> _What the task asks_
Take the entries below and reproduce exactly the portion that begins at the line containing "Кабел DisplayPort NANOCABLE" and ends at the line containing "Donato_and_Charlie Sexy Tchat", keeping both ends, dropping pictures, and adding nothing else.

> _Records shown_
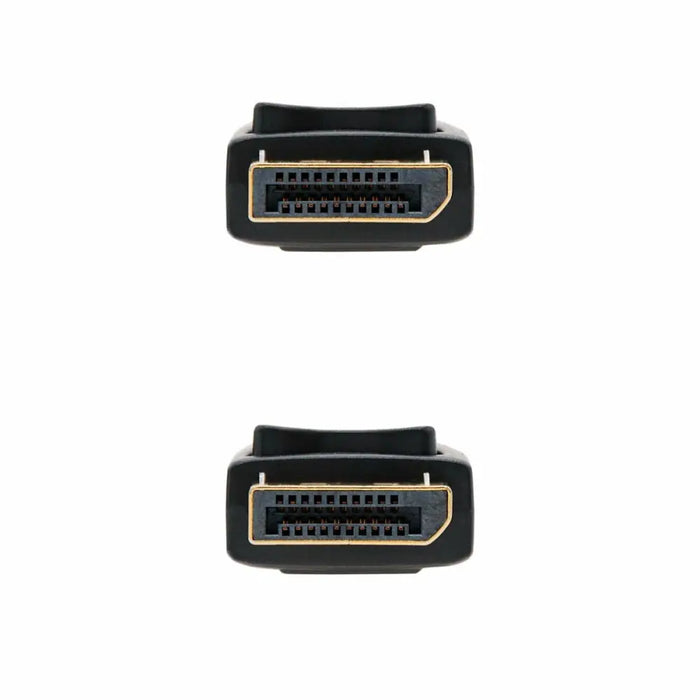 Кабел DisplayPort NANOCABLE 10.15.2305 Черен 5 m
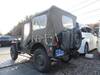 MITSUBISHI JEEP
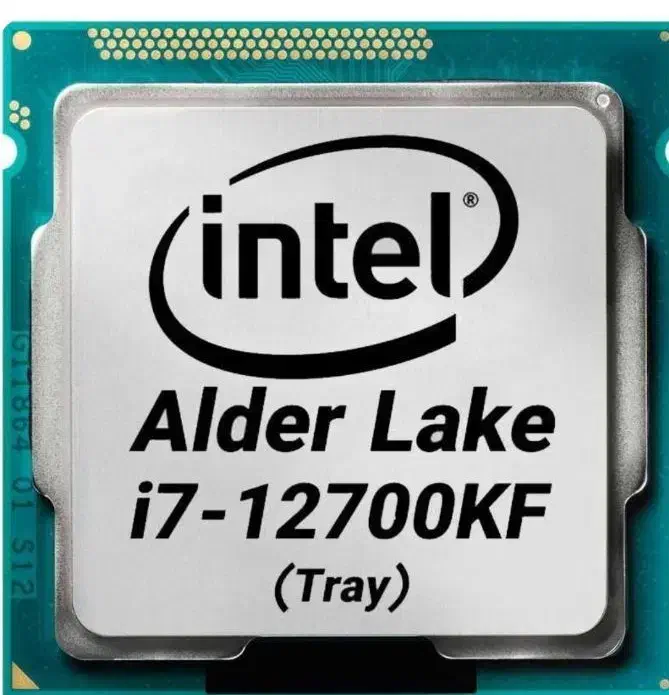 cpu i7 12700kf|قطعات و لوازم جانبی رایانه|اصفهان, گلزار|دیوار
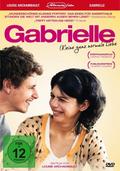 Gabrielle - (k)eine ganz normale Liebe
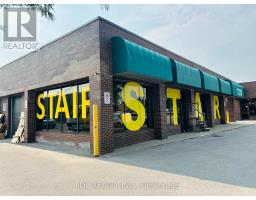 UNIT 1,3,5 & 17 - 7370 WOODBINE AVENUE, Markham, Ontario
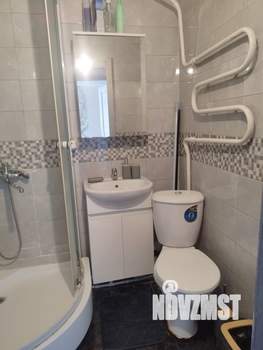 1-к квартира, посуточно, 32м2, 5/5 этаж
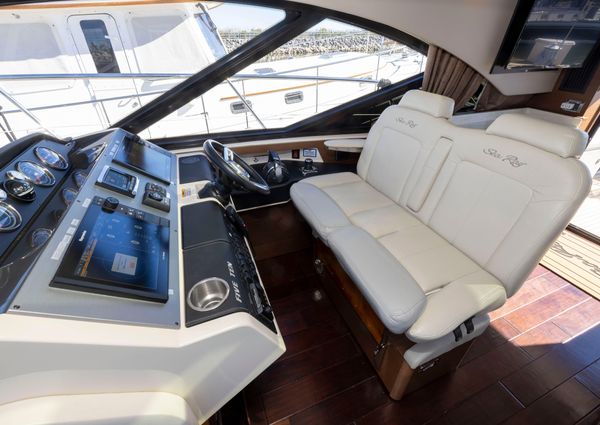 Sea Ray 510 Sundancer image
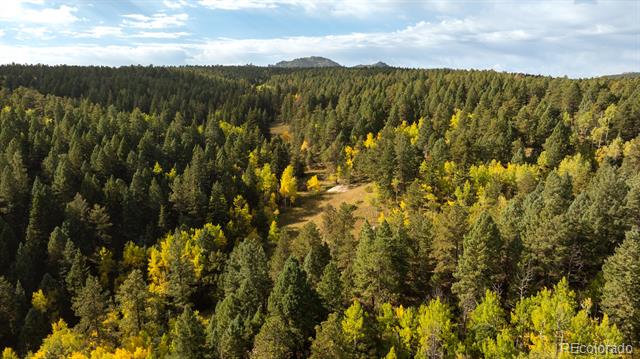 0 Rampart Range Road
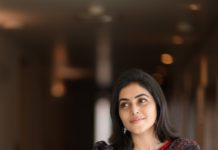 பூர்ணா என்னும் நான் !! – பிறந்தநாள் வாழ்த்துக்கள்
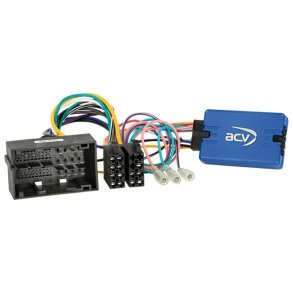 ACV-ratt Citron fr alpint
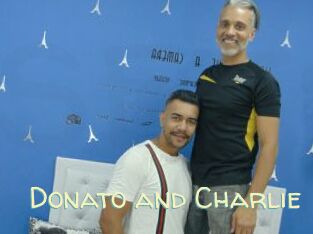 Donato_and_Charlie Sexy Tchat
==
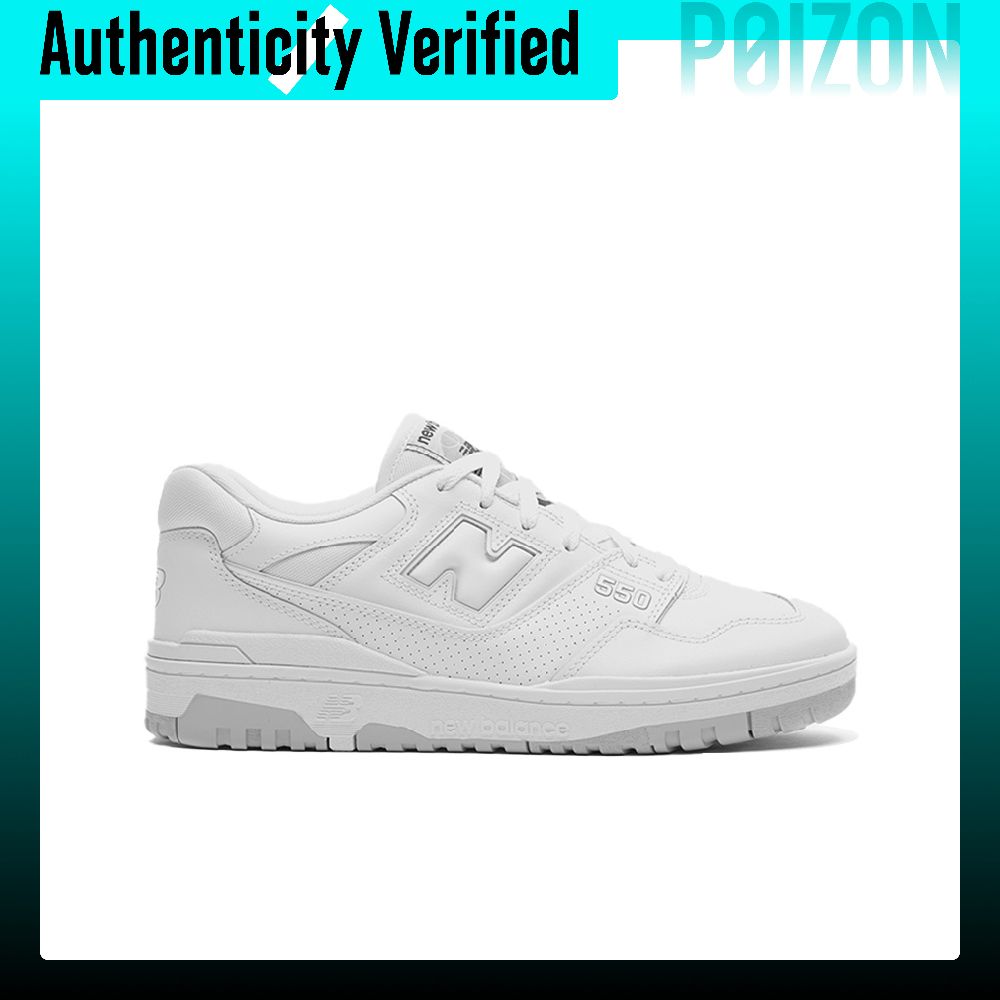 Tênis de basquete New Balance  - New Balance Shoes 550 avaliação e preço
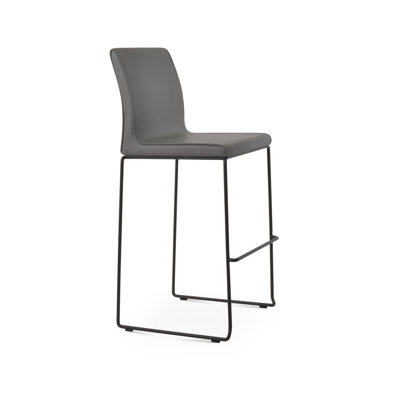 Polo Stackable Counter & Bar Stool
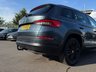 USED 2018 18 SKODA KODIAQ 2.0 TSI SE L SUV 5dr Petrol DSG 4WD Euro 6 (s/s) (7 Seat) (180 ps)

> _Your response_
 Кабел DisplayPort NANOCABLE 10.15.2305 Черен 5 m
 MITSUBISHI JEEP
 cpu i7 12700kf|قطعات و لوازم جانبی رایانه|اصفهان, گلزار|دیوار
 Gabrielle - (k)eine ganz normale Liebe
 UNIT 1,3,5 & 17 - 7370 WOODBINE AVENUE, Markham, Ontario
 1-к квартира, посуточно, 32м2, 5/5 этаж
 Sea Ray 510 Sundancer image
 0 Rampart Range Road
 பூர்ணா என்னும் நான் !! – பிறந்தநாள் வாழ்த்துக்கள்
 ACV-ratt Citron fr alpint
 Donato_and_Charlie Sexy Tchat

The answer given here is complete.